With the car’s air conditioner at full blast, Marietta pulls into the Harrises’ driveway again. Standing outside the kitchen door on the tiny landing, flat against the wall in the scant shade of the eaves, Deborah is standing among the rain boots and gardening equipment, smoking a cigarette. She is already wearing her bridesmaid’s dress. Eyes barely open, she glowers hatefully at the tinted windshield of the car.

“What is she doing?” Marietta says. She sounds almost scared.

“I don’t know,” Cynthia says wearily. “There’s always some grievance.”

“But why is she smoking outside in this heat? Is smoking not allowed in your mom’s house or something?”

“Warren smokes. He smokes in the house all the time.”

“Then why is she—”

“You know what?” Cynthia says. “Pull out. I can’t even deal with going back in there right now. Go on, back out. I know someplace we can go.”
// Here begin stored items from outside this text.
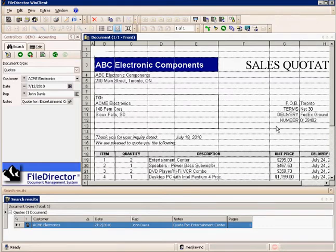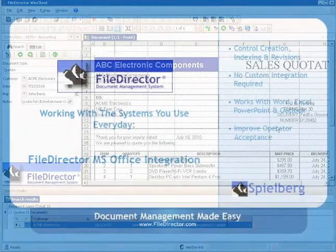The best part about the FileDirector Microsoft Office plugin is that it works with all the business systems you're used to, like Word, Excel, Outlook, and PowerPoint.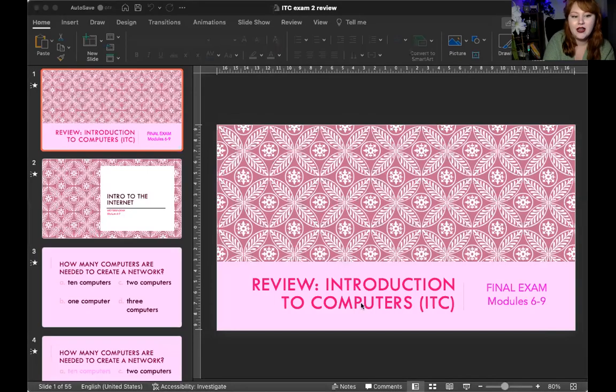Hello everyone, good morning. I am here to do the review for ITC Exam 2, your final exam. This covers modules 6, 7, 8, and 9 — it's all internet stuff and email, which is also an internet thing. Hopefully you've already watched the lectures on intro to internet, intro to cybersecurity, the email tour, and you're all ready to go.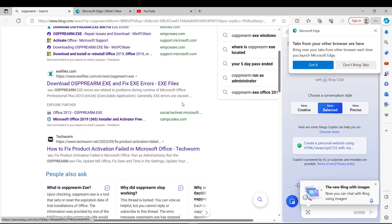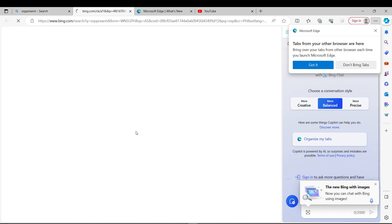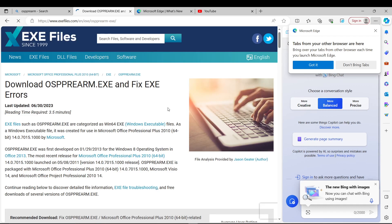This process should resolve the product activation fail Office issue. And as simple as it is, hopefully this solves your problem.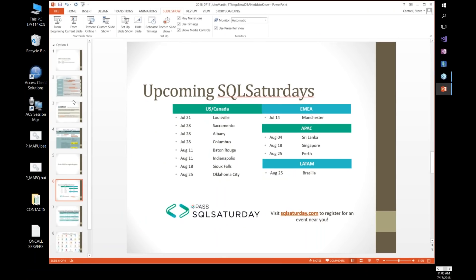Here are some upcoming SQL Saturdays. I may even go to the one in Louisville because that's close enough to drive to this weekend. SQL Saturdays are free education, usually in a location pretty close to you. Just go to sqlsaturday.com and search for sessions close to you — it gives you the dates. Usually you only pay for lunch, and otherwise it's great education.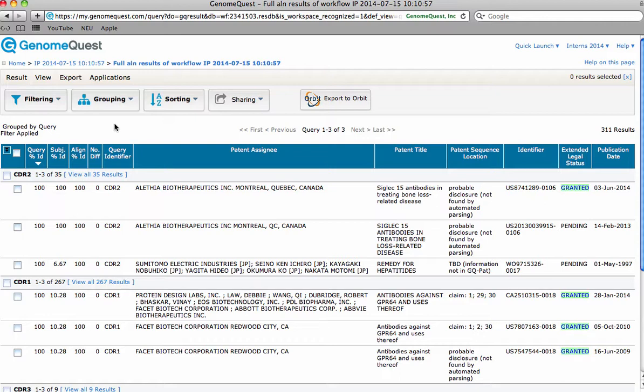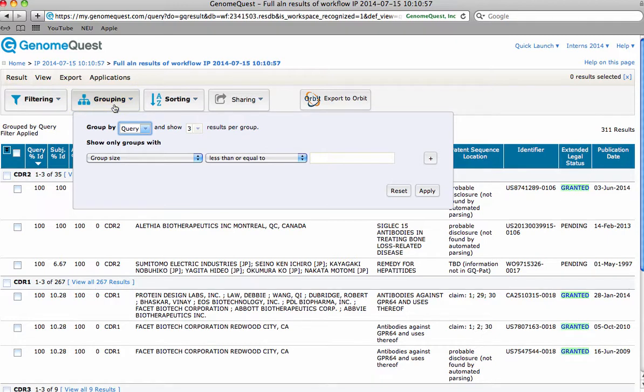To further organize your results, try the grouping option. Note that the grouping criteria respect any filter criteria set. No results are eliminated, only categorized.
Deborah watches them leave and smiles at the prospect of her stepmother’s panic. Mother and daughter are so alike. No capacity for seeing themselves through others’ eyes, no interest in it. No one ever opens a book in that whole god damned stunted hell-bound house, including her father, whose idea of self-betterment is watching
Unsolved Mysteries
. The aspect of him she’s always cared least about is his money, but now that he’s letting these two spend it like it’s theirs, she resents them as climbers, her nominal stepsister especially.
She knows this pains him. Make an effort, he keeps telling her, but no effort is necessary to understand the likes of Cynthia and her friends. One day it will hit them that high school is over.
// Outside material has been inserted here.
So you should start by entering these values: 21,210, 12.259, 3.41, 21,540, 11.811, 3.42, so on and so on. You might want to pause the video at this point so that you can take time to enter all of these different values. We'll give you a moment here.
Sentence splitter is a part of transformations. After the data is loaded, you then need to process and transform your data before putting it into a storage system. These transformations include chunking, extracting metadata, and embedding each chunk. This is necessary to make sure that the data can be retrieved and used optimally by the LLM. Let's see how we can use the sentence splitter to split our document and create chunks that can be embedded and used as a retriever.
Adam sits on the bed in his underwear. He’s watching the Pirates game on TV. He considers masturbating, out of boredom, but there is too great a likelihood that Conrad or someone else will knock on his door. There is a great sense of bustle in the walls around him but nothing seems to require him right now. It’s far too awful outside to go for a run. Why did they schedule the wedding for four in the afternoon, anyway? Solitude and inactivity make him restless. At his bachelor party last weekend—a rafting trip on the Delaware with his six groomsmen—there was never a moment of idleness; gloriously exhausted, they slept in tents, some expensive Scotch but no real drunkenness, the whole thing put together by Conrad, one of the two or three best nights of his life. They’d cheerfully teased him by recounting old hookups, old binges, old mortifications. There was some ritual sarcastic mourning of all the sexual freedom he was waiving, but he could tell—it makes him smile now to remember it—that their hearts weren’t in it, because none of them really thinks he is making a mistake. He’s slept with other women, before he and Cyn met and, truth be told, for a short time after. What’s left to mourn there? Just an adolescent obsession with variety, and he is past that point. They are meant for each other: he feels it so deeply that he’s not quite able to say it, not even to her. She’s like one of those horse whisperers, he thinks, only it’s just him, he’s the only one it works on, she’s the only one he will let speak to him that way. It would seem juvenile to go back to wanting anything other than what he has. He also has a home, and a job, and he is impatient, in possession of these things, to leave his childish self behind and get the future under way in earnest.